Sunday, December 15, 2024

There is no there there

[4523 3rd Avenue, Sunset Park, Brooklyn, c. 1939–1941. From the NYC Municipal Archives Collections. Click for a much larger view.]

“When Commissioner Moses finds the surface of the earth too congested for one of his parkways, he lifts the road into the air and continues it on its way”: thus gushed The New York Times in 1941 on the creation of the Gowanus Parkway (later Expressway), a six-lane highway that wreaked havoc in Brooklyn’s Sunset Park neighborhood. Robert Caro tells the story in The Power Broker: Robert Moses and the Fall of New York, pages 520–525.

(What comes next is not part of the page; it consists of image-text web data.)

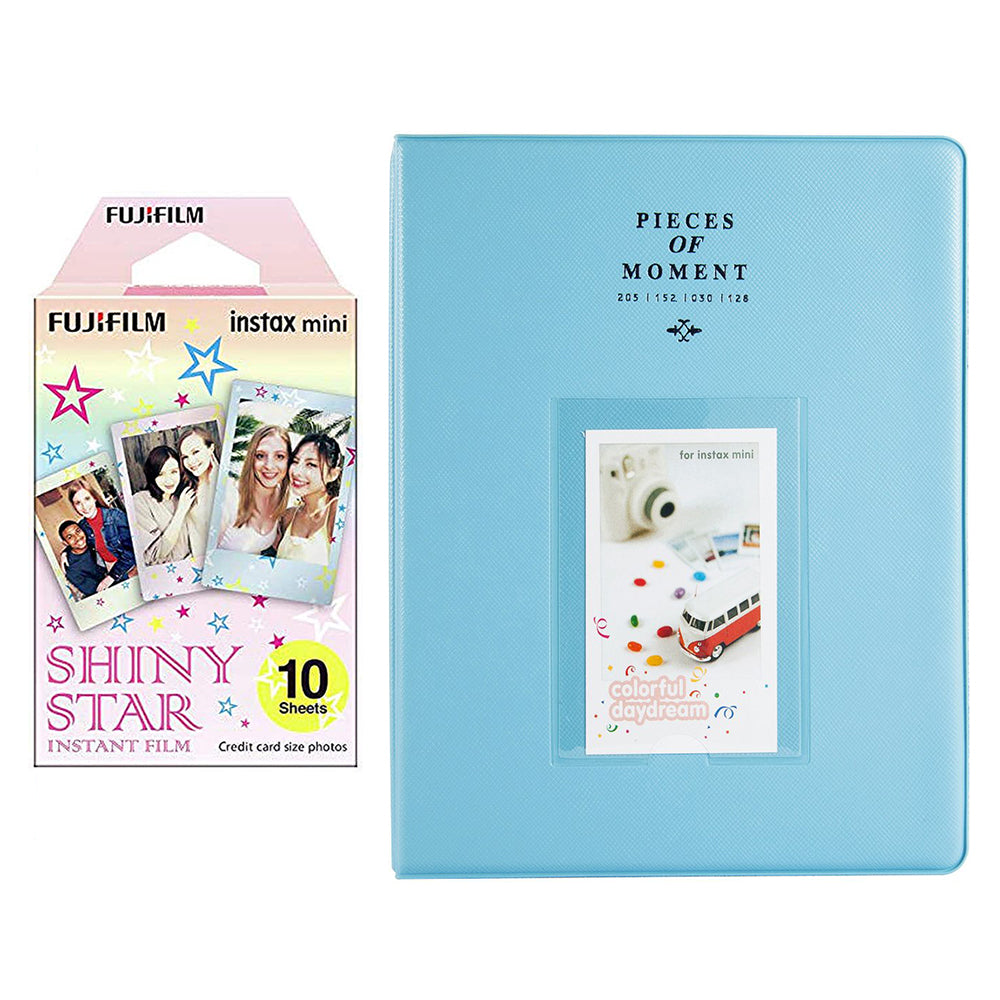 Fujifilm Instax Mini 10X1 shiny star Instant Film With 128-sheet Album for mini film (blue)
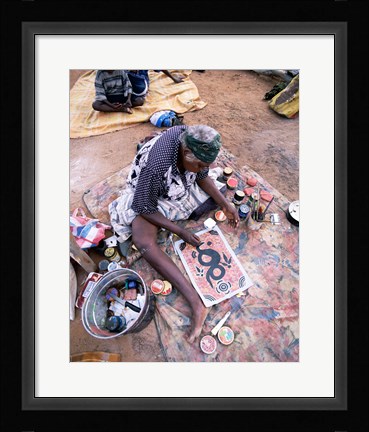 Framed Female artist painting, Alice Springs, Northern Territory, Australia Print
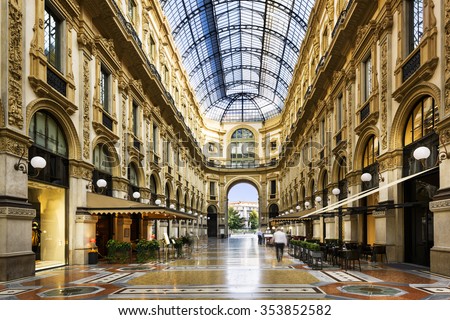Glass dome of Galleria Vittorio Emanuele in Milan, Italy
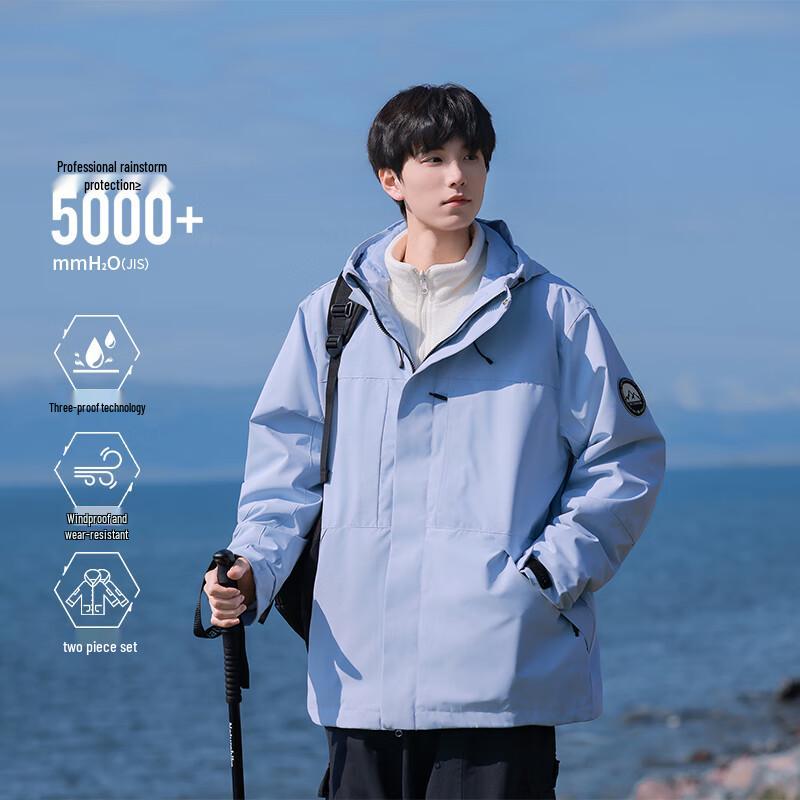 

VUUG Men s 3-in-1 Thickened Windproof Hiking Jacket 4XL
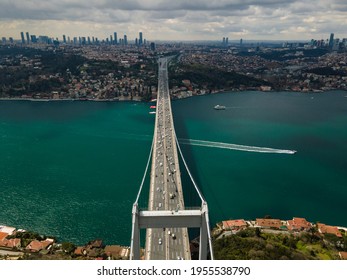 Istanbul Strait And  Bosphorus Bridge Top View 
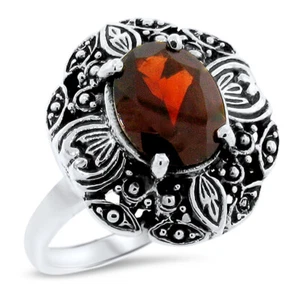 ANTIQUE STYLE GENUINE 2 CARAT GARNET 925 STERLING SILVER FILIGREE RING     1095z - Picture 1 of 3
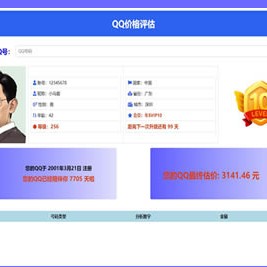 抖音热门QQ账号价值评估前端源码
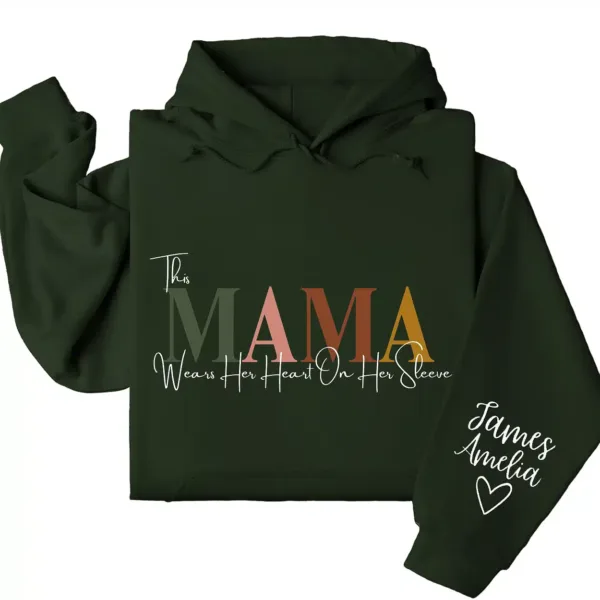 This Mama Wears Her Heart on Her Sleeve Hoodie – Custom Hoodie with Kids’ Names, Personalized Mother’s Day Gift for Mama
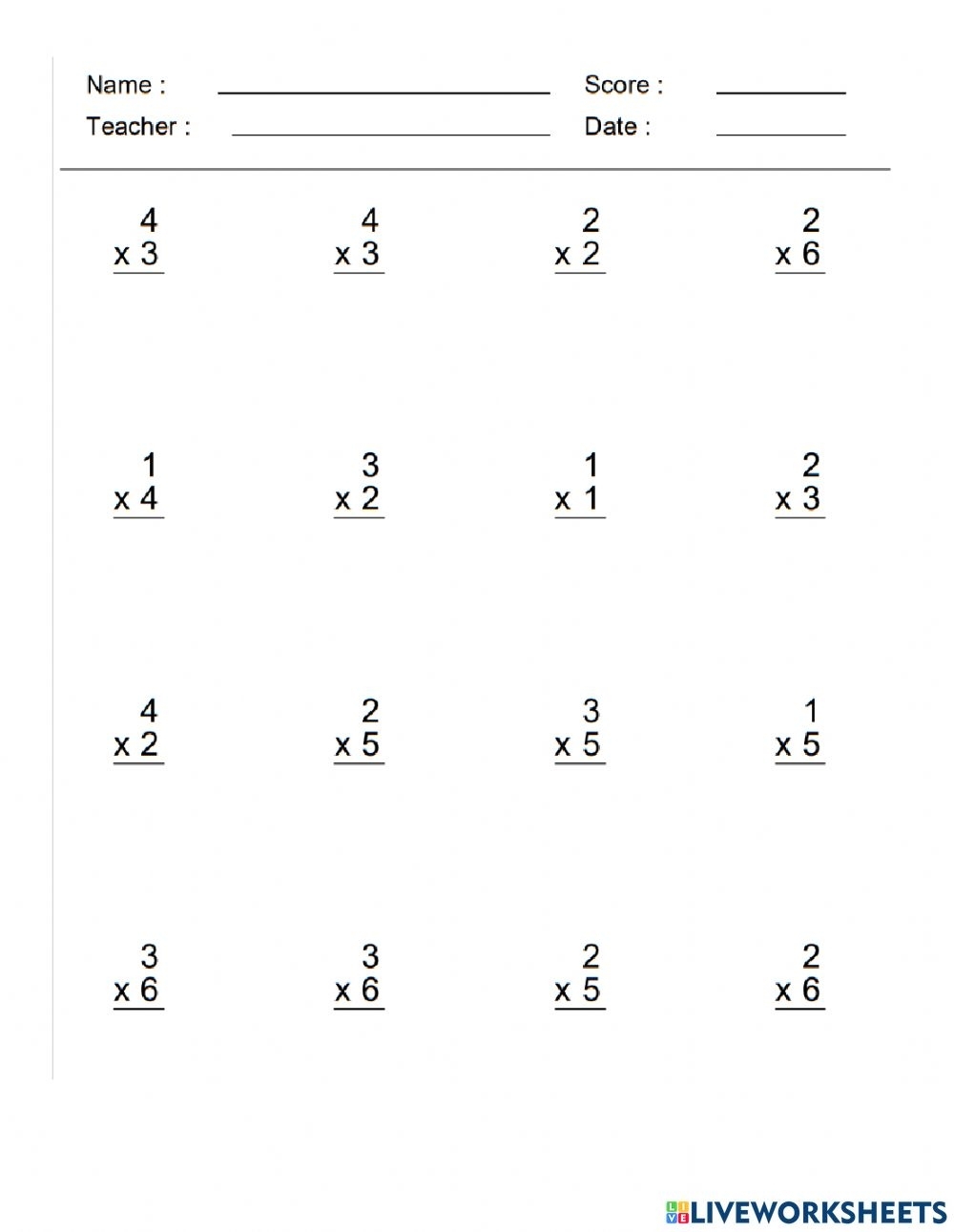 Simple Multiplication Worksheets Printable Worksheets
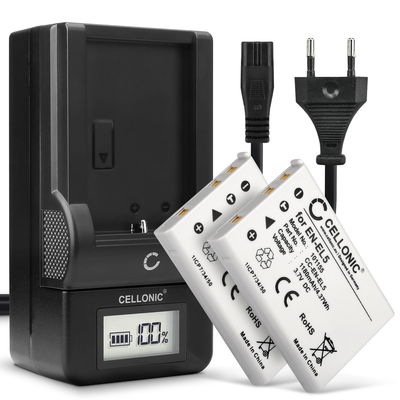 2x Akku + Laturi kameraan Nikon Coolpix P510 P520 P530 P500 P100 P90 P80 P6000 CoolPix 3700 5200 5900 7900 ENEL5 - EN-EL5 (1180mAh, 3.7V) tuotemerkiltä CELLONIC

This building, at the southeast corner of 46th Street and 3rd Avenue, was one of many that were destroyed to make room for the parkway. The first rowhouse that followed this corner building was also destroyed: the block now begins with the rowhouse with the bow window. Look at this corner in Google Maps and you can see that it’s as if buildings have been sheared away.

I think of the kid in knickers as a silent witness to a neighborhood’s destruction.

*

A reader tracked down the pharmacist: Dr. Max Korowitz, who had been at this address since 1916. In 1936, he was the subject of an article in The Brooklyn Eagle.

Related reading
All OCA More photographs from the NYC Municipal Archives posts (Raindrop.io)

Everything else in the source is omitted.